**INSTRUCTIONS FOR THE TASK:** The whole listing, apart from its images, should be restated word for word.

**DATA SHOWN:**
((

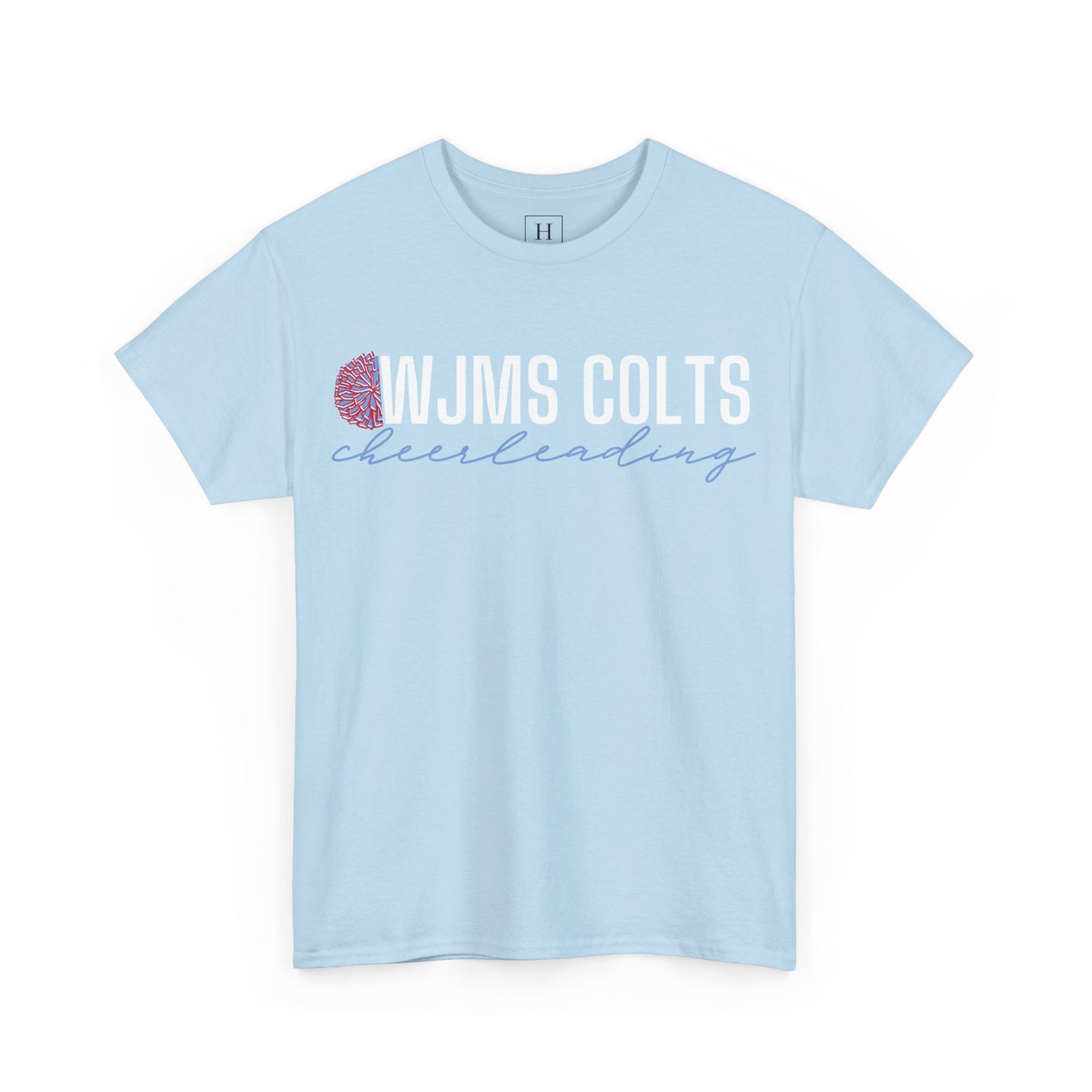 WJMS CHEERLEADING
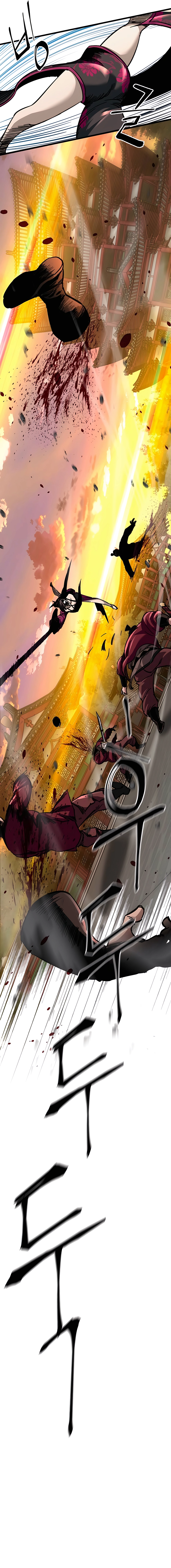 Read Warrior Grandpa and Supreme Granddaughter EN Manga Online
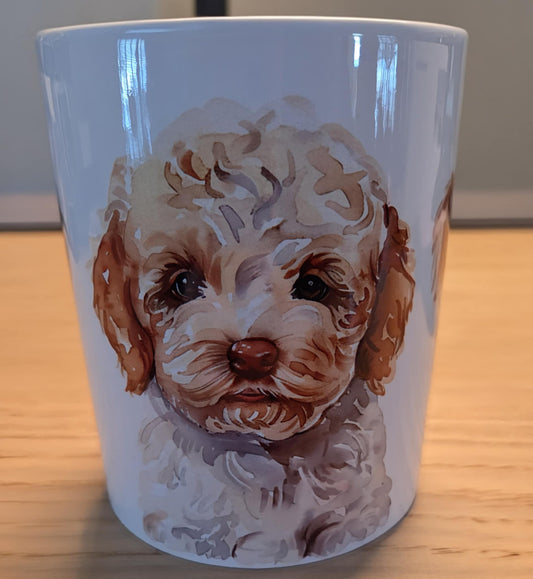 Lagotte romagnole mok 11oz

))

**ANSWER TO THIS TASK:**
 WJMS CHEERLEADING
 Read Warrior Grandpa and Supreme Granddaughter EN Manga Online
 Lagotte romagnole mok 11oz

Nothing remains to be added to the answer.